Assignment: Below are lines of data; restate word for word those running from the line containing "Chelsea F.C. Strike image number 7" to the line containing "Fundación Cajasol recupera", inclusive, and no others.

The data:
>>>
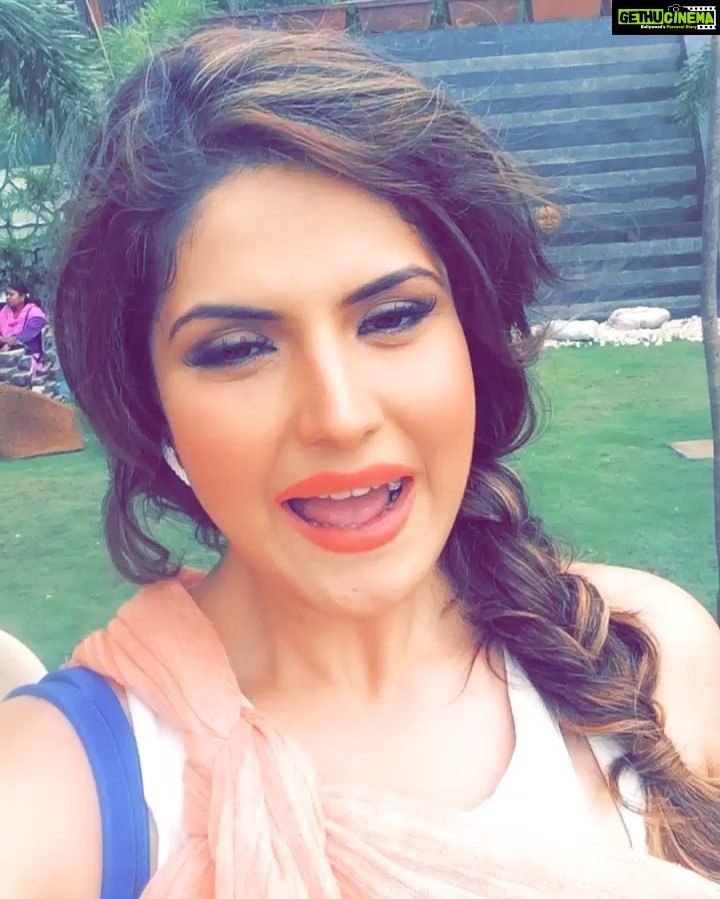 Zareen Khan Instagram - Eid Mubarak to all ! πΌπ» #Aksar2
<<<
>>>
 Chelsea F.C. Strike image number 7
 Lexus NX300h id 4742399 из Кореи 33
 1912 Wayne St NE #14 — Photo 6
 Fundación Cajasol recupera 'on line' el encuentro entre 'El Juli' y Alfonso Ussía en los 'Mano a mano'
<<<
Reply to the task:
 Chelsea F.C. Strike image number 7
 Lexus NX300h id 4742399 из Кореи 33
 1912 Wayne St NE #14 — Photo 6
 Fundación Cajasol recupera 'on line' el encuentro entre 'El Juli' y Alfonso Ussía en los 'Mano a mano'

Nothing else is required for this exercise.